The Everyday credit card and Zero credit card do not offer any perks.
What’s brought on the changes?
Santander said the capped cashback was in response to the reduction in EU “interchange fees” which was put into place December 9 2015.
Interchange fees make up part of the Merchant Service Fees which retailers pay to their banks to process card payments.
Before the Interchange Fee Regulation was introduced, retailers paid an average rate of 0.8pc per credit card transaction (which could go up to 1.5pc) and 9p for debit cards. As of December 9, the fees were capped at 0.3pc for credit cards and 0.2pc for debit cards.
The EU Commission suggested the cap would not only be beneficial for retailers but also consumers as the savings could be passed on in the cost of goods and services.
According to Andrew Cregan from the British Retail Consortium, the trade association, prices have gone down but this was not because of the interchange fee cap – he said it was due to a “number of factors”.

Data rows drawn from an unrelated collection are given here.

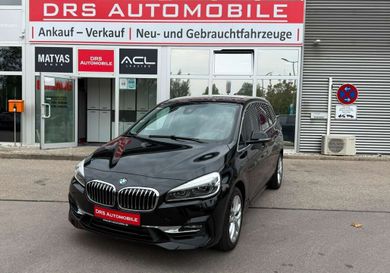 BMW 220, 2018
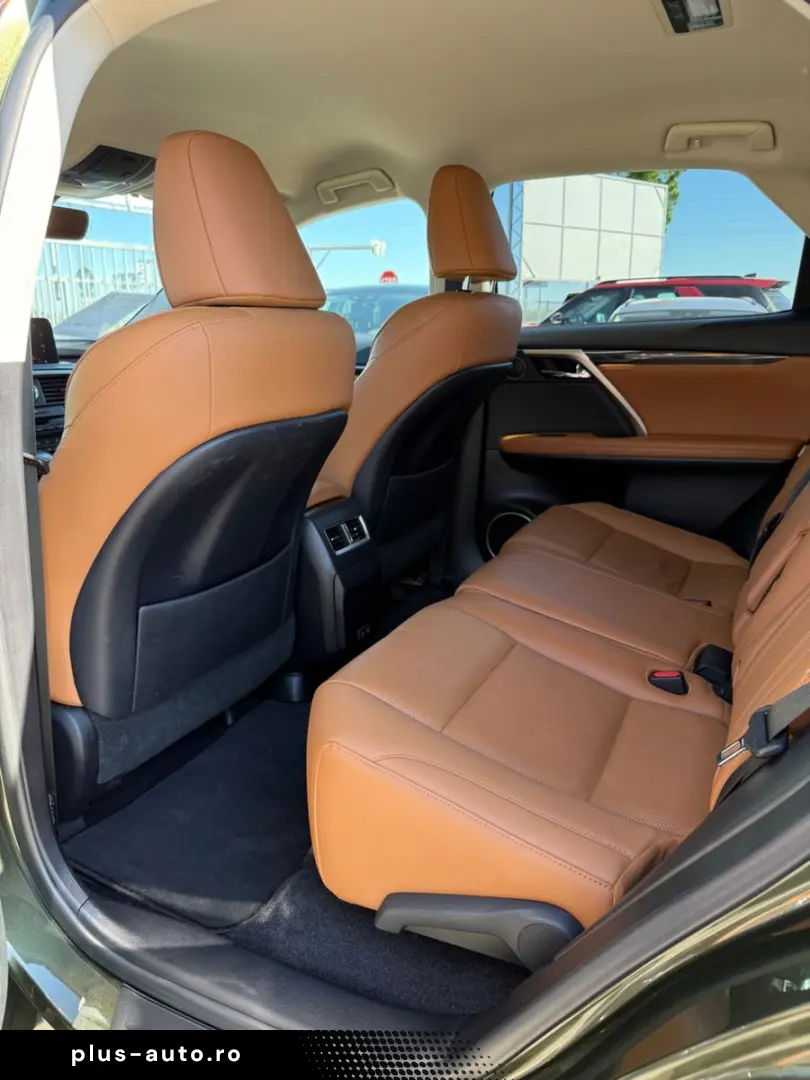 LEXUS RX 2022 — imagine 8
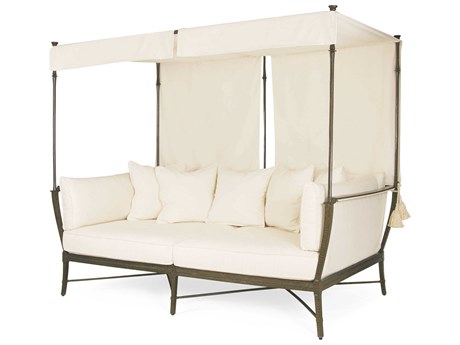 Century Outdoor Andalusia Cordoba Royal Daybed Canopy
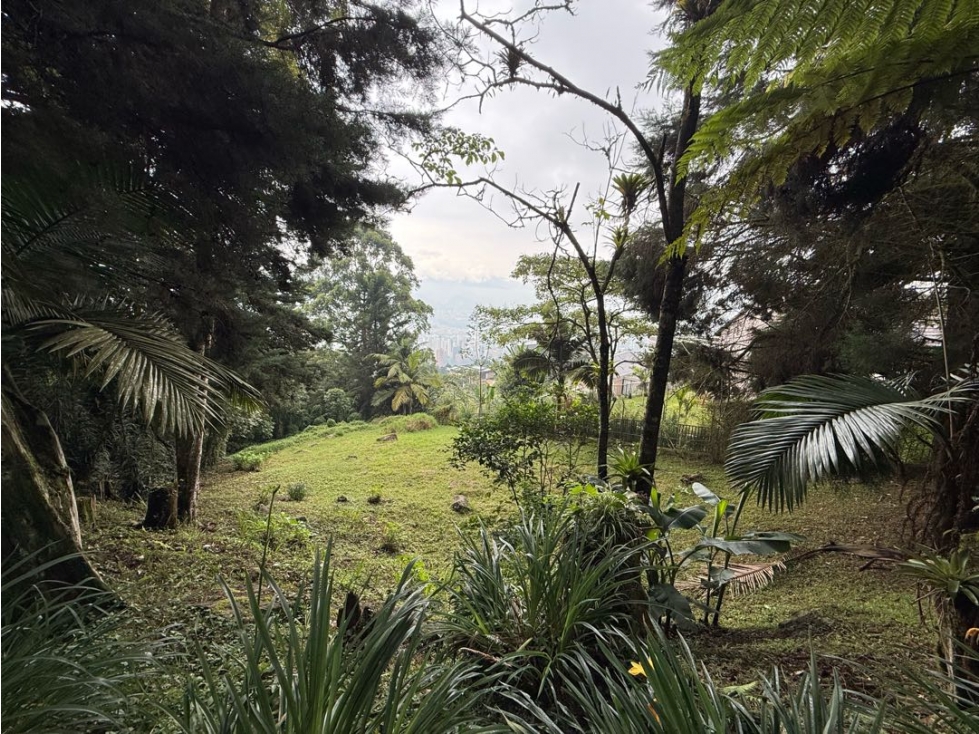 LOTE EN ENVIGADO PARTE ALTA A 8 MINUTOS DEL TESORO — foto 3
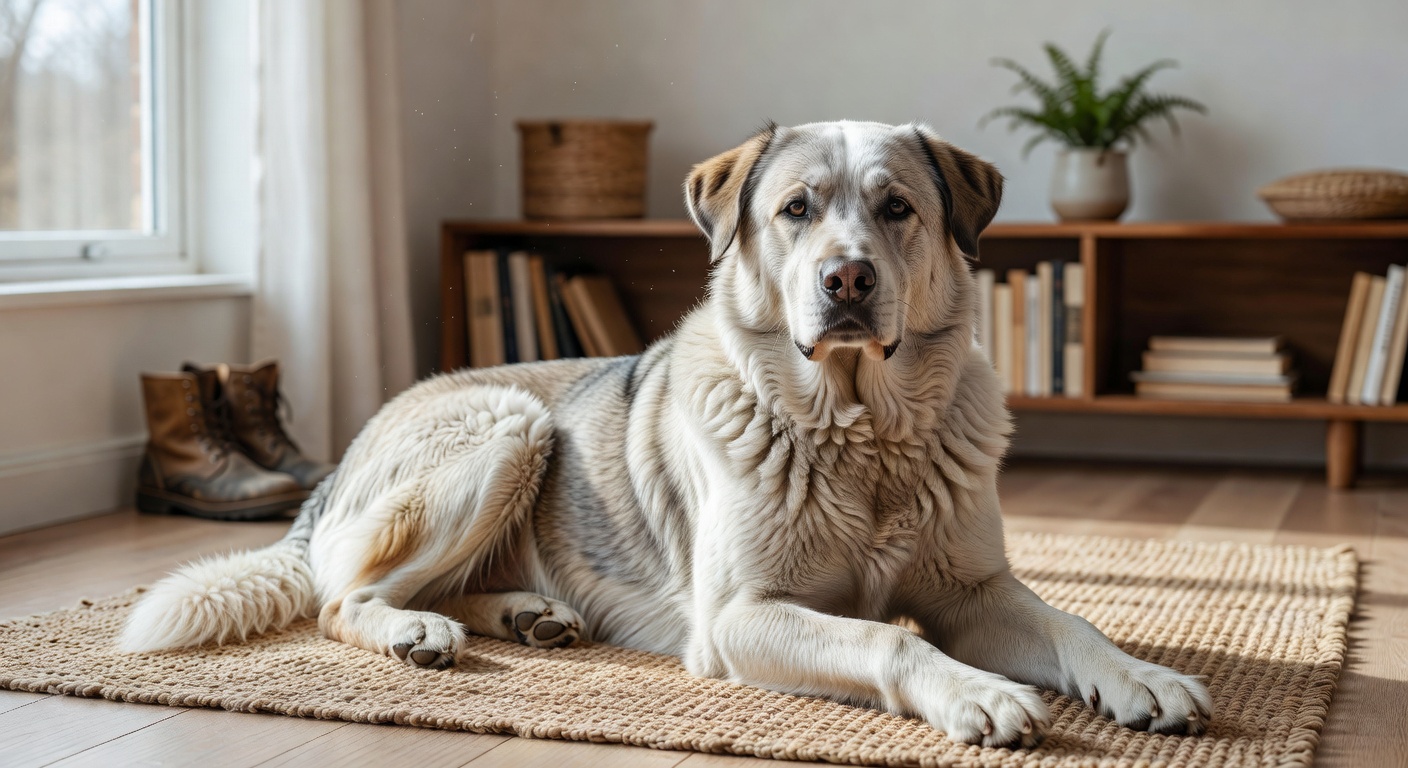 2026 Karakachan Köpek Irkı: Bakım, Karakter ve Maliyet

However a direct negative result of the cap is a spare of credit card reward cuts and increases in fees.
Capital One, RBS/Natwest, Tesco Bank and M&S Bank are among some of the providers to withdraw credit cards or slash the rewards in the last year because of the interchange fees.
American Express’ Platinum Express Everyday credit card still pays a generous 5pc cashback up to £100 in the first three months – as long as you spend £3,000 in a year.
After this, it offers 0.5pc on purchases of £5,000 and 1pc on spend over £5,001. Purchases above this will earn 1.25pc.